For a while now, Wikimedia pages (usually, Wikipedia articles) have a “page image”, an image from that page used as a thumbnail in article previews, e.g. in the mobile app. While it is not entirely clear to me how this is image is chosen, it appears to be the first image of the article in most cases, probably excluding some icons.
Wikidata is doing something similar with the “image” property (P18), however, this needs to be an image of the item’s subject, not “something related to the item”. Wikipedia’s “page image” often turns out to be a painting made by the article’s subject, or a map, or something related to an event. This discrepancy prevent an automated import of the “page image” into Wikidata. However, exceptions aside, the “page item” presents a highly specific resource for P18-suitable images.
So I added a new function to my WD_FIST tool, to help facilitate the import of suitable images from that rich source into Wikidata. As a first step, a bot checks several large Wikipedias on a daily basis, and retrieves “page images” where the associated Wikidata item has none, and the “page image” is stored on Commons. It also skips “non-subject” pages like list articles. In a second stage, images (excluding PNG, GIF, and SVG) that are used as a “page image” on at least three Wikipedias for the same subject are put into a main candidate list. The image must also not be on the tool-internal “ignore” list. Even after all this filtering, >32K candidates remain in the current list.
dewiki | 346,204 |
---|---|
enwiki | 700,832 |
frwiki | 255,527 |
itwiki | 148,041 |
nowiki | 73,508 |
plwiki | 181,323 |
svwiki | 109,349 |
Combined | 32,137 |
I will likely add more Wikipedias to this list (es and pt will show up tomorrow), and eventually lower the inclusion threshold, as candidates are added to Wikidata, or to the “ignore” list.
As the candidate list is already heavily filtered, I am not applying some of the usual WD-FIST filters. This also helps with retrieving a candidate set of 50 very quickly. In this mode, the tool also lends itself well to mobile usage.
2 Comments
Hi Magnus, great article. I’m looking forward to watching this work progress.
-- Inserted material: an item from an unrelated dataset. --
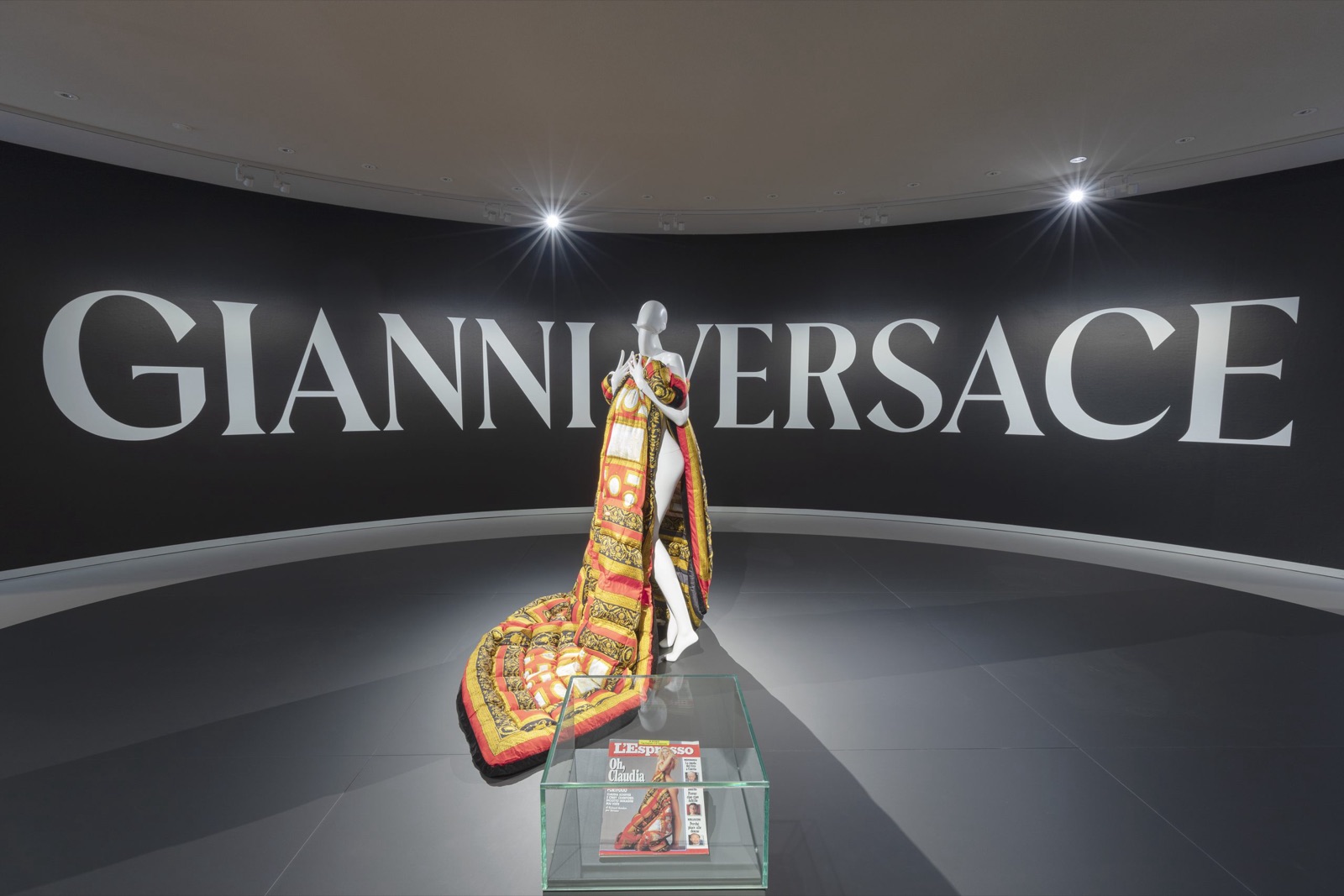 Une silhouette Versace aux imprimés baroques dorés devant le mur GIANNI VERSACE, à l'exposition du musée Maillol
I don’t know if this helps, but I recently had to figure out how the images are selected for Wikimedia wikis. One of the things the PageImages extensions looks at is if the image is freely licensed. It will only return images that are CC/Public Domain (not fair use) which can cause some confusion. That removes many first images on an article. Then images that are used in maintenance templates, stubs or icons and omitted. Image position, width, height/width ratio and a PageImage blacklist also contribute to the scoring of an image. The highest scoring images is then used – assuming one is found. 🙂
A terrible example is this article (https://en.wikipedia.org/wiki/Meredith_Grey). The first two images are of the character, but the PageImages API returns the third, of a writer of the TV show (https://en.wikipedia.org/w/api.php?action=query&prop=pageimages&titles=Meredith_Grey).
Thanks for this, very interesting! Luckily, I couldn’t use “fair use” images anyway, I only process images on Commons. Template exclusion is good as well, though it won’t work on many templates that have ““.